LETTER

WASL victory?

WASL victory?

Maybe not

Much ado has been made recently about the “beautiful victory” and so-called Washington Assessment of Student Learning (WASL) success. Terry Bergeson boasts that 91.4 percent of the class of 2008 has met standard on the reading and writing WASL. The media is tripping over itself to print news of this success story. The WASL train wreck didn’t happen! Hooray!

Or did it?

What Bergeson doesn’t want you to notice are the thousands of students removed from the official count. Statistically irrelevant, they are neither counted in the official WASL results for the class of 2008, nor are they added into the results for the class of 2009. They are in statistical limbo. Thousands have left the public school system, thousands more have been reclassified into lower grades, yet none of them are included in the WASL results.

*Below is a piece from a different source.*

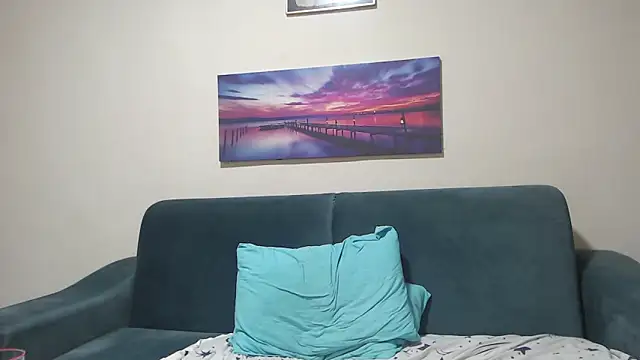 Tiberius hunk online show from October 2025 07:58:02 PM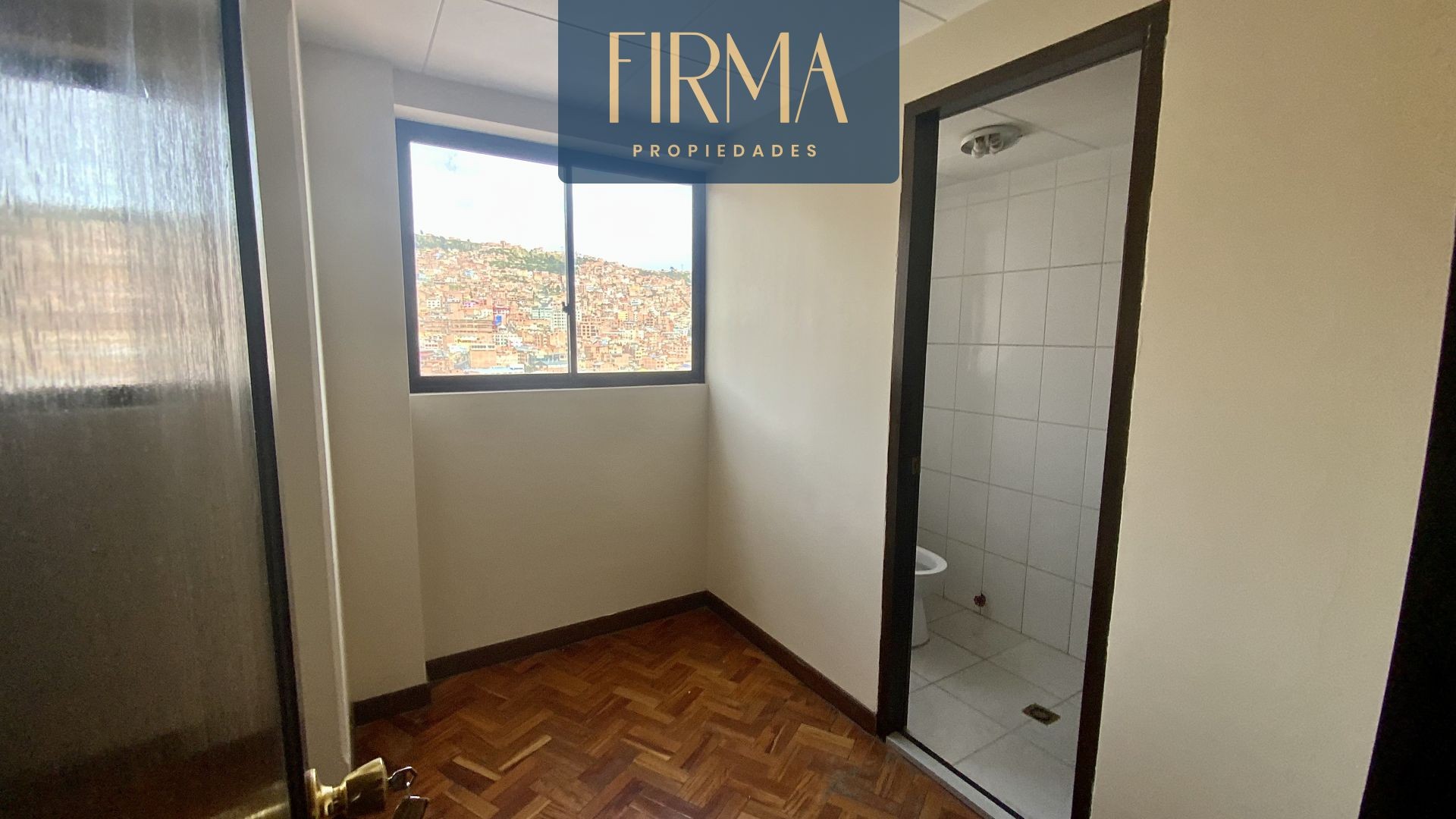 Departamento en Miraflores en La Paz 6 dormitorios 4 baños 1 parqueos Foto 10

In 2006, Bergeson traveled to Massachusetts to learn more about the Massachusetts Comprehensive Assessment System (MCAS). The MCAS results had previously been declared a “miracle.” What Bergeson learned was not how to effectively improve student learning, rather, she learned how to creatively manipulate the numbers and create the illusion of success.

When creating the Massachusetts miracle, that state’s education leaders simply did not factor into the equation the staggering rise in the state’s high-school drop-out rate. Not content with excluding thousands of students who have left the public school system, Bergeson has taken it one further. She found a way to exclude thousands of students from the class of 2008, who are still in school, by creatively reclassifying them into different grades.

Will we ever know precisely how many students from the original class of 2008 passed the WASL? It’s hard to say. Bergeson’s office changes the numbers more often than Imelda Marcos changes shoes. The original enrollment numbers for the class of 2008, when they entered their freshman year in 2004, was 89,970. This year, Bergeson lowered that figure to 81,196, and then claimed that there were 81,925 students from the class of 2008 enrolled in school as of October of 2007. By May, that number had dropped to 71,167. Yet the June report on this stunning WASL success only counts the WASL scores for 67,099 students of the class of 2008. Of that number, a mere 61,327 met standard.

This transmutation of WASL statistics reminds me of George Orwell’s “1984” where history is rewritten to conform to the Party’s most recent pronouncements. What Bergeson’s “Department of Truth” has failed to grasp is that we have been paying attention and are willing to speak up. We won’t be duped into accepting the lies. Our children deserve better. Our teachers deserve better. We deserve better.

It’s time to get this derailed train back on the right track, and that begins with an honest reporting of the facts regarding WASL results. If Bergeson won’t do that, then perhaps we need to find someone who will.